Al-Hadid is known to weave threads between historical, architectural, cosmological, and folkloric themes,
probing the disjunctive and investigating allegories. As a truly immersive and emotive artist, she embodies her work. As she
drew inspiration from landscapes, skies, caves, and florals, her marks became increasingly frenzied, with inks more layered,
allowing denser and thicker images to emerge. These works reflect the uninhabited and chaotic elements of wilderness and
their effects on an artist in process. For a panel work inspired in part by Jan Brueghel’s Allegory of Tulip Mania, Al-Hadid was led
into her own tulip mania. She collected swathes of bulbs, planted shrubs, and flowers, letting the habits of her newfound
environment imprint upon her practice. Her references are never obvious to the viewer; she hints at works that move and
intrigue her, obscuring the narrative but letting the foundations remain. A deeply intuitive artist, Al-Hadid may alter her work
based on temperament, creating compositions imbued with the emotionality of their inspirative stories, histories, and physical
gestures. Al-Hadid often looks at outsider histories – her work asks what it means to be at the periphery. In this case, to
observe nature from the outside, to be at the margins of the natural world – to examine that which encroaches from an edge,
or sneaks in from the corner. Like nature’s untamed edges, Al-Hadid’s works in Wild margins embrace the unruly and wild
edges of paper – while their complex sea of details and masterful fine lines create a body of work so layered and storied it
transcends far beyond the physical realm it occupies.

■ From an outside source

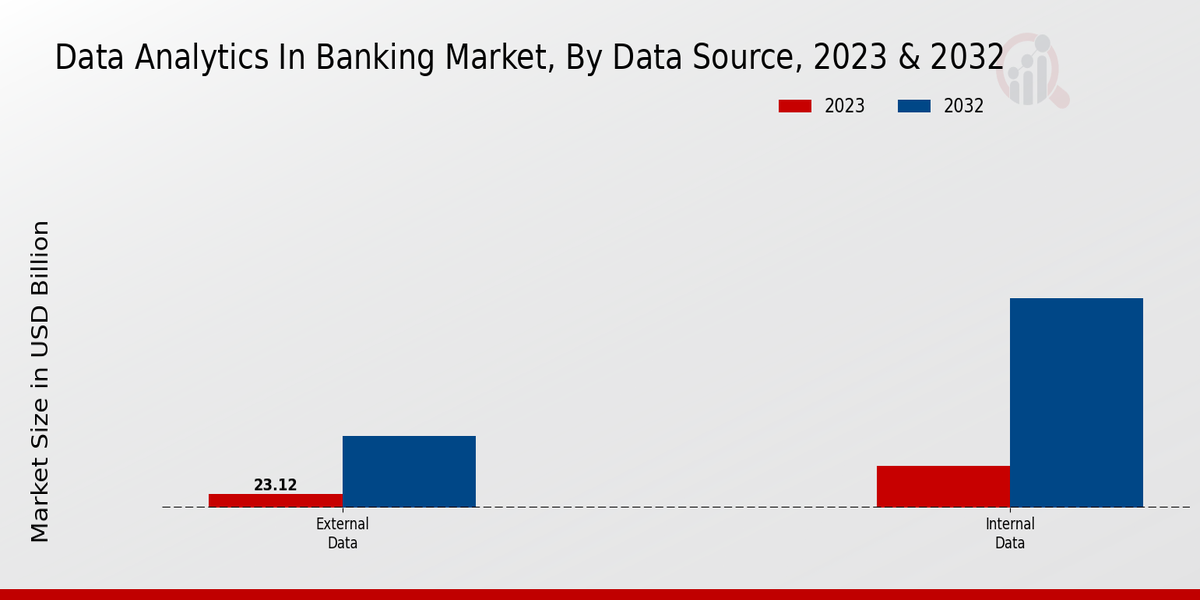 Data Analytics In Banking Market Data Source Insights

Born in Aleppo, Syria, Diana Al-Hadid‘s family immigrated to Cleveland when she was five years old. Al-Hadid received a BA
and a BFA in sculpture from Kent State University, and an MFA from Virginia Commonwealth University. In 2007, she was
resident of the Skowhegan School of Painting and Sculpture and in 2009, she was a USA Rockefeller Fellow and a New York
Foundation for the Arts Fellow. She was the recipient of the Pollock-Krasner Foundation Grant (2007), the Joan Mitchell
Foundation Grant (2011), and The Academy of Arts and Letters Art Award (2020). In 2021, she was awarded a Smithsonian
Artist Research Fellowship to conduct research at the Freer Gallery of Art. Her mosaic murals for NYC’s Penn Station were
among 100 finalists for COD awards, an international competition honoring public commissions that integrate interior,
architectural, or public spaces.

Al-Hadid was one of four artists commissioned for a site-specific work at the Princeton
University Art Museum. She has given lectures at the Nasher Sculpture Center, The Metropolitan Museum of Art, San Jose
Museum of Art, The Hammer Museum, Yale University, Carnegie Mellon University, to name a few. For her first major public
art project Al-Hadid was commissioned by the Madison Square Park Conservancy, New York and exhibited by Mad. Sq. Art,
the contemporary art program of the Madison Square Park Conservancy and later installed on the campus of Williams College.
She has been featured in The New York Times, Vogue, Art21, Hyperallergic, and The Brooklyn Rail. Her work can be found in
numerous museums and private collections.